With her blade restored to her, she let them all draw their own weapons. That seemed only fair. Ten of them, and they tried to rush her, but she was already leaping forwards from the steps, descending on them with blade first.
They were not skilled but they were many. She made their numbers her ally, as they crashed into one another, fouling each other’s blows. Her blade moved among them like lightning, like sunlight. She sent them reeling back in bloody arcs, and moved – quicksilver past lead – to evade their clumsy thrusts and grasping hands. Behind them the Spider-kinden traitor had a long dagger out and was picking and choosing his targets, putting the point in with the care of a surgeon.
And suddenly there were none left. It was so sudden she could not quite work out where they had gone until she saw the bodies. She was used to that now: the jarring of cause and effect, the sudden returning to herself to discover blood on her blade and the fallen around her. There was some part of her, some innocent part, that had come loose inside her head, leaving only cold skill to hold the reins and whip her on.
She stalked over to the throne where Last-Chance Fray-well was now clambering to his feet, his broad face a-sheen with sweat.
‘Whatever they’re paying you, I’ll double it,’ he gasped, but they were paying her with the next chapter of Thalric’s story, and how could he double that?
‘I will not take up any more of your valuable time,’ she said, and ran him through. Only afterwards did she notice that he had been holding a sword. It had not done him much good, she supposed.
Then she turned, like a performer to her audience.
The Spider-kinden man clapped politely. ‘So much for the Last-Chancers. My employer will be over the moon. Serves them right for getting above themselves, say I.’ He was a man past middle years, hair long and greying very slightly, wearing clothes whose flamboyance had been cut down, she guessed, to suit his purse. His voice was cultured, though, and she could only wonder where he had fallen on hard times from.
‘Thalric?’ she said questioningly, the sword still very much ready in her hands.
‘Do you want it from my employer’s mouth, or mine?’ The Spider’s name was Destrachis, she recalled, although she could not exactly remember now who his employer was.
‘Tell me,’ she directed.
He nodded, taking a seat on a bench there. ‘Well our man Fraywell was here with a whole load of Wasp-kinden not so long back, and they got involved in something bad.
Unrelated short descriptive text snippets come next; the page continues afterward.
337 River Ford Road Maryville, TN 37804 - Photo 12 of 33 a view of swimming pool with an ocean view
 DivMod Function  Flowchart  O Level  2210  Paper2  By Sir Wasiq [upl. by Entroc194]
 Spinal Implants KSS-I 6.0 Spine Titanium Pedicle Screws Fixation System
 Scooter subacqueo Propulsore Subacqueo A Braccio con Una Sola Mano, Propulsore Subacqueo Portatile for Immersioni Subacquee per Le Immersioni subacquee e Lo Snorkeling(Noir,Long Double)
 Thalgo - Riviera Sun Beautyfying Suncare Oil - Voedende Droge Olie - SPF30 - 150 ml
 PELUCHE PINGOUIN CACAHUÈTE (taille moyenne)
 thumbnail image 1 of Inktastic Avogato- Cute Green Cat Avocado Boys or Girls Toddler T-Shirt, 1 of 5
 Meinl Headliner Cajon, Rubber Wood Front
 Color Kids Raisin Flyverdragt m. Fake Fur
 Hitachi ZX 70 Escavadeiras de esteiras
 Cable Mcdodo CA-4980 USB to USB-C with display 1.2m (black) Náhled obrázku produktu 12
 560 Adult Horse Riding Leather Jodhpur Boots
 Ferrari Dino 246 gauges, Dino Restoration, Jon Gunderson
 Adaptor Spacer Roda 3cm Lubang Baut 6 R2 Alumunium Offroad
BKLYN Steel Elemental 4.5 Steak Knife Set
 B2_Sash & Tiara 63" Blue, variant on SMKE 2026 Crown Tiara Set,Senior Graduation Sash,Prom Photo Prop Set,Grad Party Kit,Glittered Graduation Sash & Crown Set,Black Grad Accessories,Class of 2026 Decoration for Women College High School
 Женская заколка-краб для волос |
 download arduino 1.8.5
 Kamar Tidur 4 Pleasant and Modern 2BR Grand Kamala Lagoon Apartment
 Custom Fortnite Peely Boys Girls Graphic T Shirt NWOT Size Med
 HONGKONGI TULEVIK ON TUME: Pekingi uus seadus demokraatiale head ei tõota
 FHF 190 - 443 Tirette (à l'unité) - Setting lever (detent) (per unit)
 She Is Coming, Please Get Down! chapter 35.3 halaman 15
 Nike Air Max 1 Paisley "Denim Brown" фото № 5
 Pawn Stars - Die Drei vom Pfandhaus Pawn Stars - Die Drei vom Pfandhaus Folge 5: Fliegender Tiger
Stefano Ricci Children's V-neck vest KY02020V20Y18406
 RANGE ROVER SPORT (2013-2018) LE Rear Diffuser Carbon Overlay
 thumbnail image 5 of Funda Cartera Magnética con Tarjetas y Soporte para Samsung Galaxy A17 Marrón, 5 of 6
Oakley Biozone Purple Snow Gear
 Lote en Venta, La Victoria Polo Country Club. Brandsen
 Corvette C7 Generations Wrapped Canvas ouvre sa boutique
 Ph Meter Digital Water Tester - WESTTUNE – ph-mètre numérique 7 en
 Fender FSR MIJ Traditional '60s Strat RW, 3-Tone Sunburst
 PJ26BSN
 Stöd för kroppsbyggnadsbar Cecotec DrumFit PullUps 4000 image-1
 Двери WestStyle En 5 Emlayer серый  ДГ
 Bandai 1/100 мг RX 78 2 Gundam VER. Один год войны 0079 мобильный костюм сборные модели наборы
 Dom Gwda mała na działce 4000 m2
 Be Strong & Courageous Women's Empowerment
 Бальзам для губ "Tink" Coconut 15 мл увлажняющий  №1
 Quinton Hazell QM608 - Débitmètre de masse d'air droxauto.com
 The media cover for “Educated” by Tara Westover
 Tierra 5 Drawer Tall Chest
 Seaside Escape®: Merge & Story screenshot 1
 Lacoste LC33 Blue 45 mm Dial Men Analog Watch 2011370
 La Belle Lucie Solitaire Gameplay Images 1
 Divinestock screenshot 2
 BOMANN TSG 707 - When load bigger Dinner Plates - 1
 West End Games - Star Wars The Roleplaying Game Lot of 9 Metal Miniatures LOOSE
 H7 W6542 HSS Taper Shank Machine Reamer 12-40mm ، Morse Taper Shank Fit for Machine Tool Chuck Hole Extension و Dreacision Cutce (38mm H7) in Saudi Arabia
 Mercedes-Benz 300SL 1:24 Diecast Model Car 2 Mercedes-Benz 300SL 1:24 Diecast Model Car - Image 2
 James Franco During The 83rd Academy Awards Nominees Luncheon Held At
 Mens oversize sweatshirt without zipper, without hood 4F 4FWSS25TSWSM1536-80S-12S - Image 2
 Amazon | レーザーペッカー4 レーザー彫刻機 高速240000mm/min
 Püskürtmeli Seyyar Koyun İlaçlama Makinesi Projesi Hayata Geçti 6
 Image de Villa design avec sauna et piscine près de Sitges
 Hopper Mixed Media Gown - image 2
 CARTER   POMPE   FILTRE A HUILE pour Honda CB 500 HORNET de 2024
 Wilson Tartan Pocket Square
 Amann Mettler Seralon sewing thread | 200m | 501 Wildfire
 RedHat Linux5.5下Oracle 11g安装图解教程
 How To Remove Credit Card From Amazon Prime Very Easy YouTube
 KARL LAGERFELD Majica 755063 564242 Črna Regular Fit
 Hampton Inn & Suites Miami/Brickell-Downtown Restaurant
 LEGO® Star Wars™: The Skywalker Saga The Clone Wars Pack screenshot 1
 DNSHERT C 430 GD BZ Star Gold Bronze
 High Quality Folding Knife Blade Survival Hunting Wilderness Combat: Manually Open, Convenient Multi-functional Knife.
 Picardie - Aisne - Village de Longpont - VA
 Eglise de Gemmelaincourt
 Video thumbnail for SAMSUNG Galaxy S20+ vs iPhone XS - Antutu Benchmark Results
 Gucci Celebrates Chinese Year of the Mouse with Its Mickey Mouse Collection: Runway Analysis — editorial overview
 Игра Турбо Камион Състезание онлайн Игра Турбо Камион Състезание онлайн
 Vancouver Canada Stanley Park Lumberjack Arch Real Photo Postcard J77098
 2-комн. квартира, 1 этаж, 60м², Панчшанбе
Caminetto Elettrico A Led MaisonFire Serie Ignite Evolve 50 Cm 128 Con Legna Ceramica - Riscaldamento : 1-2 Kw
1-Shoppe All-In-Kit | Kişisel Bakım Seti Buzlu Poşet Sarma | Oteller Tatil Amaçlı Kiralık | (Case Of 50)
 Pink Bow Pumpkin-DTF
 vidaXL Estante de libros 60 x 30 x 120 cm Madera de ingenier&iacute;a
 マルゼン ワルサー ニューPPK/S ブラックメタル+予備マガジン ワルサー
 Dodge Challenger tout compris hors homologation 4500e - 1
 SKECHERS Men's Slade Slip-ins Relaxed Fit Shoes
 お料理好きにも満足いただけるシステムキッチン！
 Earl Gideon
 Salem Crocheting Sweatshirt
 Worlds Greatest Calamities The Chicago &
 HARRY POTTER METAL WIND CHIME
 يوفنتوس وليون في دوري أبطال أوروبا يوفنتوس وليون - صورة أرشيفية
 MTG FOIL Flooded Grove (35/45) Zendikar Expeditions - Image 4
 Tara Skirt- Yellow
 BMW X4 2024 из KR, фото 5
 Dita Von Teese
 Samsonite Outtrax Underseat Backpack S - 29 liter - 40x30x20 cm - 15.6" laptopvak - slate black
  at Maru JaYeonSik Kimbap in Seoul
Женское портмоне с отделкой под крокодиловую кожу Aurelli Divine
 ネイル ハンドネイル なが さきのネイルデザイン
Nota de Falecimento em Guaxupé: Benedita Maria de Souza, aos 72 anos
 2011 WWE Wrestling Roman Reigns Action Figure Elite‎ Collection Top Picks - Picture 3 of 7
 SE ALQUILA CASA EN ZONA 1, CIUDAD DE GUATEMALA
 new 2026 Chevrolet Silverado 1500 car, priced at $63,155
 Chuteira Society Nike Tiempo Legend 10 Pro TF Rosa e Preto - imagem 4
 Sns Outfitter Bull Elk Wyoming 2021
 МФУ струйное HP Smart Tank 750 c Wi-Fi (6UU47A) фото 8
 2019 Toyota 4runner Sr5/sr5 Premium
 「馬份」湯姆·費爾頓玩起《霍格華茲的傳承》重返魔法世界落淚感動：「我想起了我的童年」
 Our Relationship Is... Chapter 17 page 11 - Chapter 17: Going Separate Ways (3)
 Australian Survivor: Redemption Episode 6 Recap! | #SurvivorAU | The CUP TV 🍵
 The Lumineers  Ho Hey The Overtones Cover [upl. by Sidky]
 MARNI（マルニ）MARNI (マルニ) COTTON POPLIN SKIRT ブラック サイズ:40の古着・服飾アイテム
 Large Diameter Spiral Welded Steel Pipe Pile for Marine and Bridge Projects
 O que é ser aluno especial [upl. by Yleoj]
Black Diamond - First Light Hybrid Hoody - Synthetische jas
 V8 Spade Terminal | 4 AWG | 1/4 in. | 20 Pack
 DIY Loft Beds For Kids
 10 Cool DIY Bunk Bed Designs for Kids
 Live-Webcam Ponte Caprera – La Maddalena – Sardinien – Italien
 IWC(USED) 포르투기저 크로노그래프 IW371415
Some people say they destroyed some big Beetle machine called the Pride, although that doesn’t make much sense to me. They were kicked out in a hurry, though, and your man along with them. They went to Asta, which is a Wasp-kinden-’
‘I know Asta,’ she said. ‘So he is there? Or at least that is where I travel next.’
Destrachis raised a hand. ‘We pay in good coin in this fief, lady. He’s not at Asta, we’re sure of that. There’s a fellow known to us, trades secrets all over, and to the Wasps as well. He’s heard of your man. Thalric’s a name that’s being talked about after the wheel he knocked loose here. You’re not the only one who’s keeping him fingered.’
She stared, waiting for more, and he smiled, suddenly.
‘Your man’s been posted way out west of here. Do you know a city called Collegium?’
She shook her head. ‘I shall find it, though.’
‘I don’t doubt it. You’ve got quite the way of asking questions.’
She merely nodded, and cleaned her blade on Fraywell’s tunic before returning it to its scabbard. ‘West. Collegium. Well I must go then,’ she announced, and was at the door of Fraywell’s hideout before his voice called her back.
‘You know… you’re a remarkable person,’ he said. She turned, frowning. One hand was close to her sword. She sensed a trap here. At her expression he put his own hand up to forestall her.
‘I’ve been all over the Lowlands,’ he explained. ‘I can do business in Collegium. If you wanted a guide, I could go with you.’
Her hostile expression remained. ‘Why?’
‘Because when I look at you, I recognize something. I see someone who’s lost everything, and yet lost nothing.’ He was not telling her why, she could see. It was just words.